◆ Dataset extract
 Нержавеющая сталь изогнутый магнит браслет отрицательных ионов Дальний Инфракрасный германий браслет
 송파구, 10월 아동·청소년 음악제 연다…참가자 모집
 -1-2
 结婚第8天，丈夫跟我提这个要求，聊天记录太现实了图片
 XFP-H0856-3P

* * *

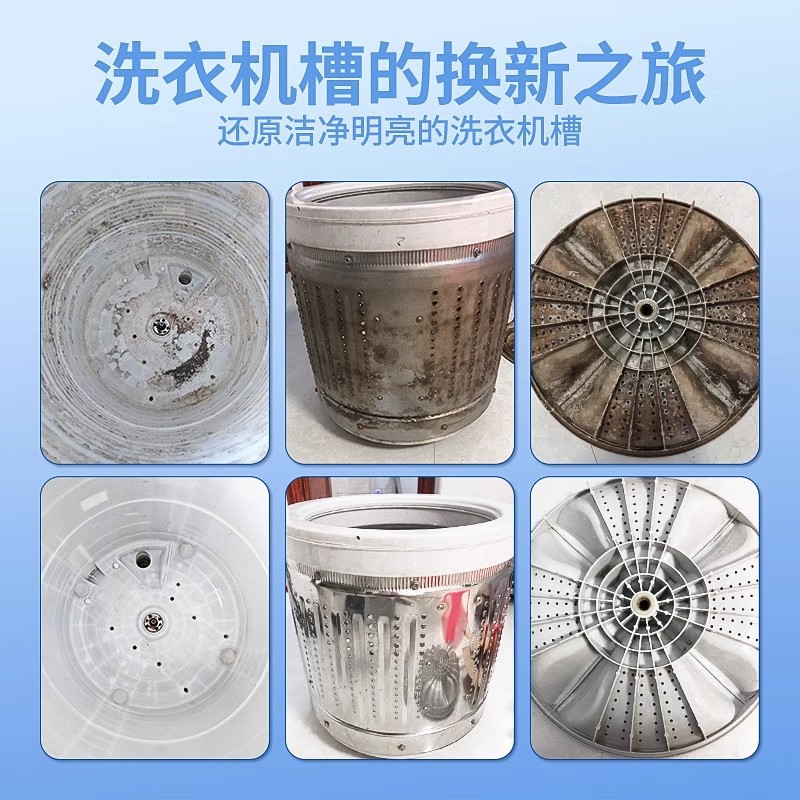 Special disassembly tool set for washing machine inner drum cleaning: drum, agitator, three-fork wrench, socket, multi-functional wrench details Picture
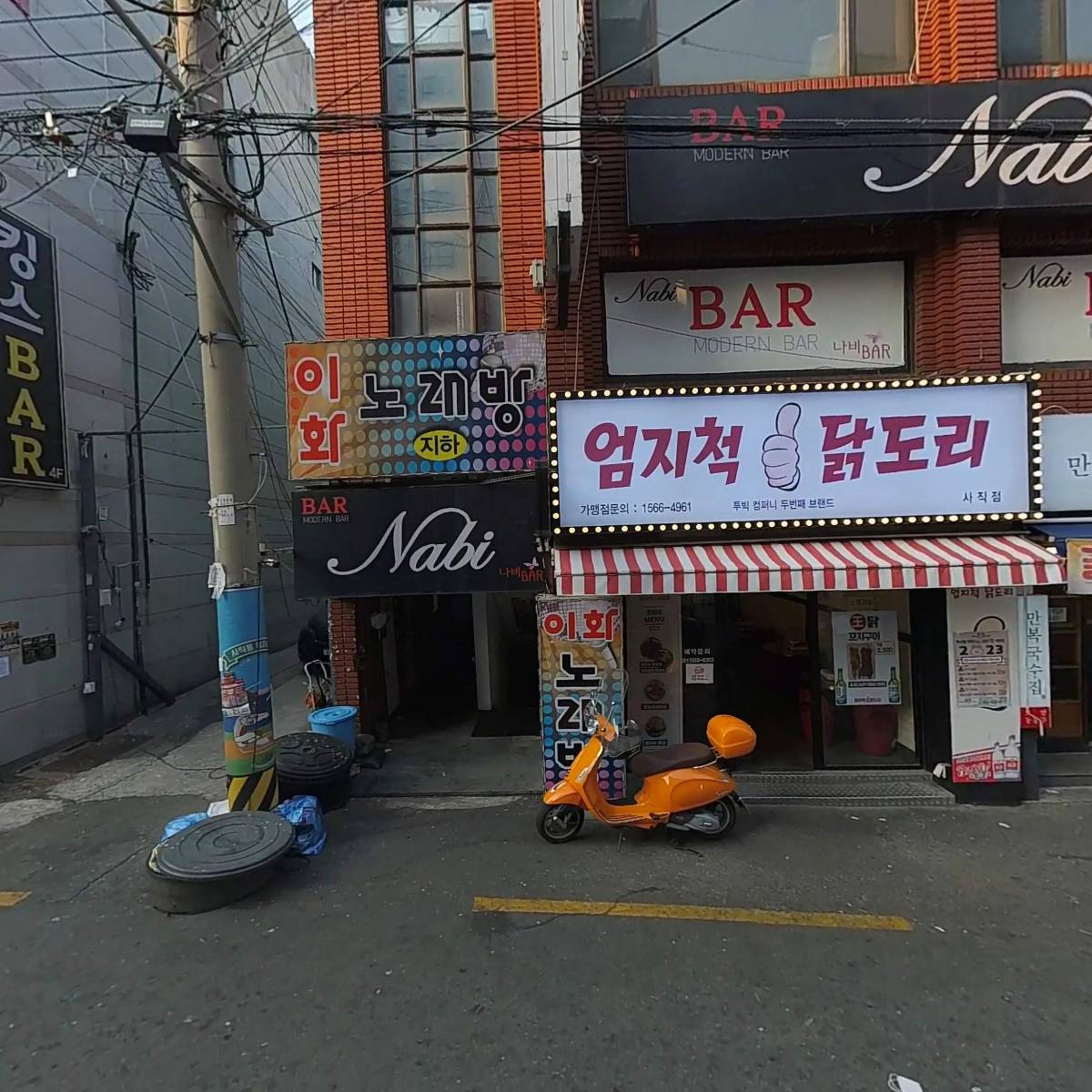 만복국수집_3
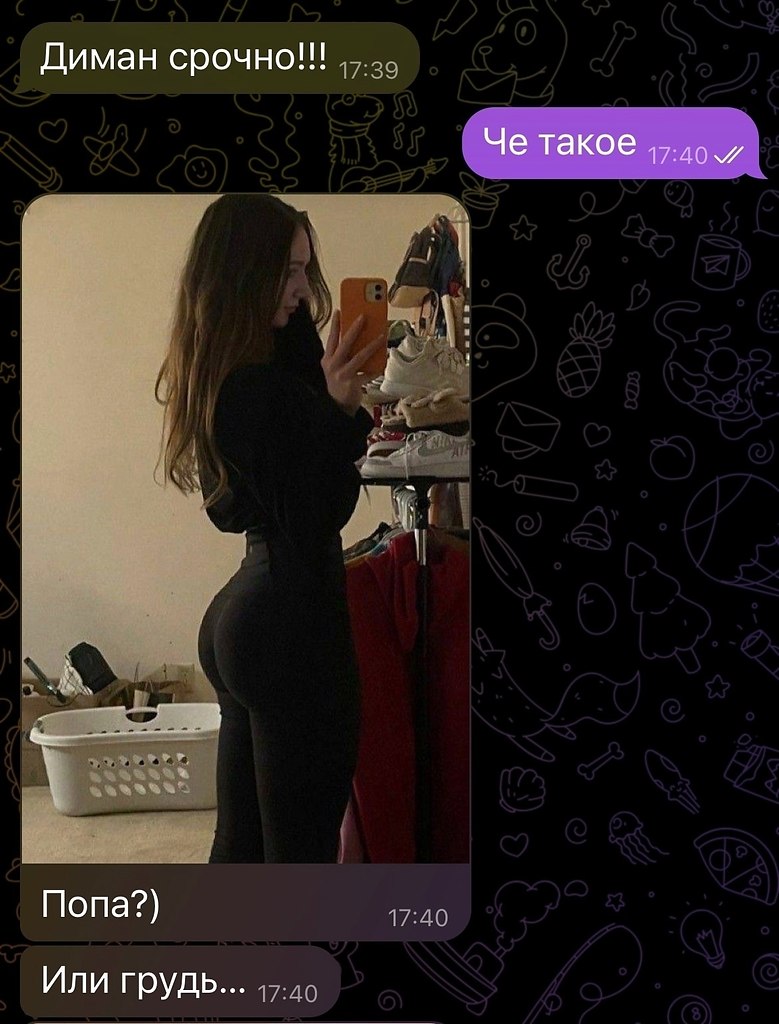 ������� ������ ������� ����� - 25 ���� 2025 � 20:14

--

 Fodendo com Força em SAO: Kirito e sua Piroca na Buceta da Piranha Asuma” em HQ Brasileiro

◆ What you have to do
Set down again, exactly, every line above from the one with "Special disassembly tool" down to the one with "2025 � 20:14", both ends included. No pictures, and nothing else.

◆ Your solution
 Special disassembly tool set for washing machine inner drum cleaning: drum, agitator, three-fork wrench, socket, multi-functional wrench details Picture
 만복국수집_3
 ������� ������ ������� ����� - 25 ���� 2025 � 20:14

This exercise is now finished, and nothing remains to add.